PROVIDER E-HEALTH PORTAL ALLOWS REGIONAL HOSPITALS TO SHARE DATA
In 2005, the Ontario government decided to transfer the operation of Georgetown Hospital from William Osler Health Centre to Halton Healthcare Services. During the transition, historical clinical data was left on the Osler system, and after the transfer, many of the physicians remained at Georgetown and still provided service to Osler. In order to provide clinicians with access to patient data from both organizations, a “provider portal” was deemed the best approach to meet the clinical data sharing needs of physicians and clinicians.
The IT staff from Halton and Osler worked together to identify available vendor solutions, and during the request for proposals process, three other hospitals — Credit Valley Hospital, Trillium Health Centre and Headwaters Health Care — became involved in the evaluation because it was felt they might join the network later. In 2006, Credit Valley acquired a licence for the provider portal; Trillium and Headwaters followed in 2008.
In a presentation at the eHealth Summit, Dan Germain, vice-president, CFO and CIO at Credit Valley, explained how the Rapid Electronic Access to Clinical Health Information (REACH) system was deployed. The REACH provider portal (provided by Medseek) is a web-based Portal solution that consolidates clinical patient data from disparate vendor systems (in real-time) into a unified, patient-centric view regardless of site location.
Currently, the REACH portal allows viewing of allergies and alerts, laboratory results, pharmacy medications, pathology reports, radiology images and reports, ECG tracings, clinical orders, clinical documentation, scanned paper records, rounding reports, and other clinical data. It’s developed on a federated data model, where data is stored at each entity. The REACH server consolidates the clinical data in real time, presenting it to the user in a web browser in milliseconds. It's similar to a Health Information Access Layer (HIAL.)
The REACH portal also employs an Enterprise Master Patient Index (EMPI.) However, once access is granted to use the Ontario EMPI, REACH will interface to that application. The Credit Valley Hospital's IT team was impressed by the speed with which this application was deployed, Germain said. Implementation was accomplished over a few months, and in the words of users, testing was similar to a systems upgrade. Since the application is very intuitive, users required little if any training.

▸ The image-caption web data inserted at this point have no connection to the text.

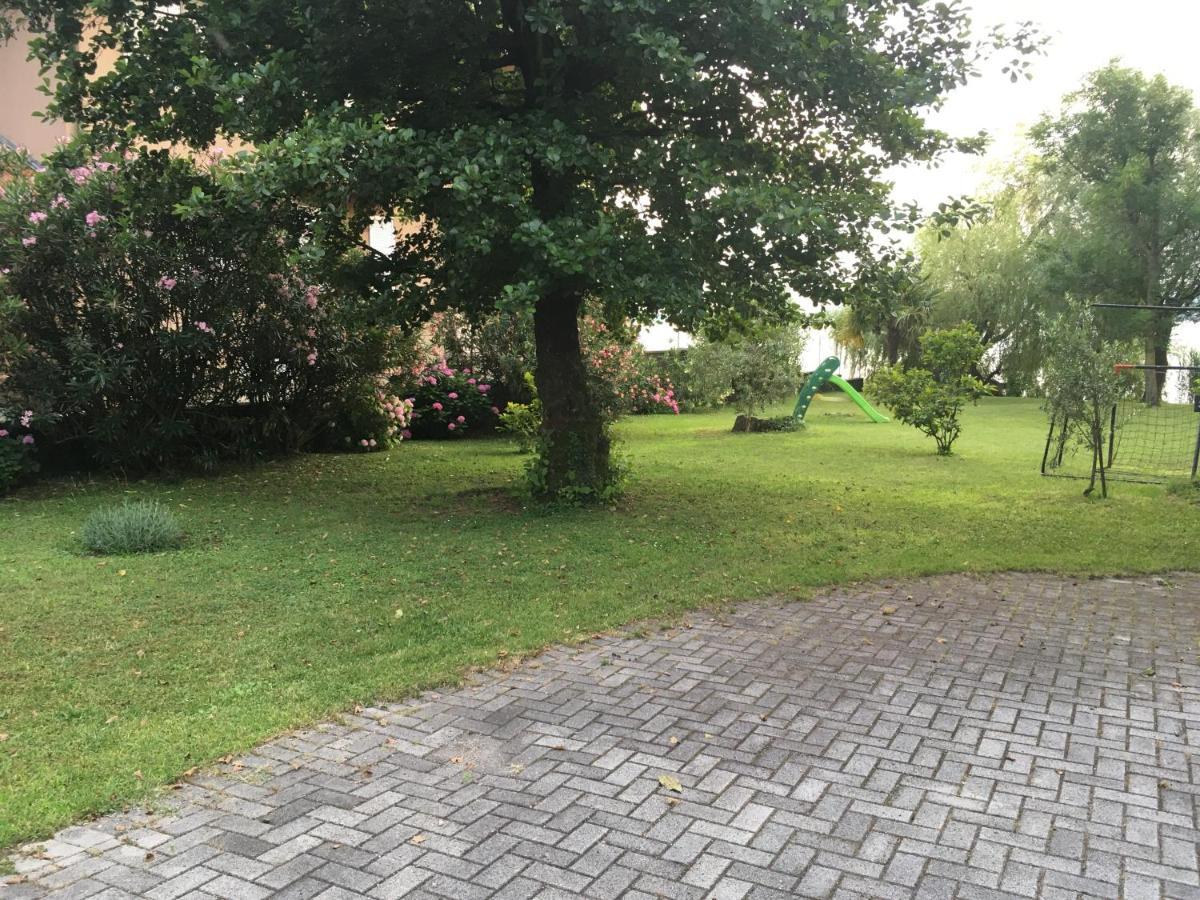 Appartamento Miralago Con Giardino Sul Lago Gavirate Bagian luar foto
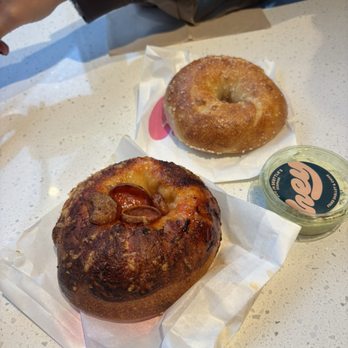 Hey Bagel - pizza bagel, salt bagel - Coffee & Tea Near Me - Seattle, Washington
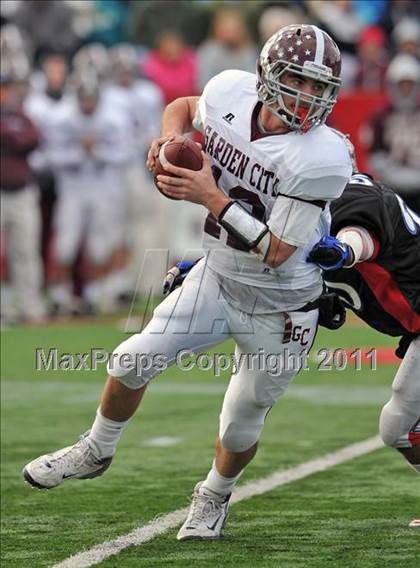 Thumbnail 2 in Garden City vs. Bellport (Long Island Class II Final) photogallery.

Before deployment at CVH, a privacy impact assessment was performed. The only significant recommendation was to mandate the use of a pass-code keyfob for remote access via the Internet. Since patient-specific data is only stored once, responsibility for data security and integrity remains with each host hospital.
By the spring of this year, William Osler, Halton and Credit Valley were using the provider portal extensively. Every month, hundreds of physicians and clinicians log onto REACH, one-third of whom are users looking at their patients that have been seen at other facilities. There are now over 9,000 views per month. As well as integrating into the Ontario HIAL and EMPI, Germain said future plans for this initiative include additional clinical content such as operating room systems and realtime physiological wave-form monitoring. REACH is also to extend a Patient Portal providing patient's range of other self-care services directly accessible online.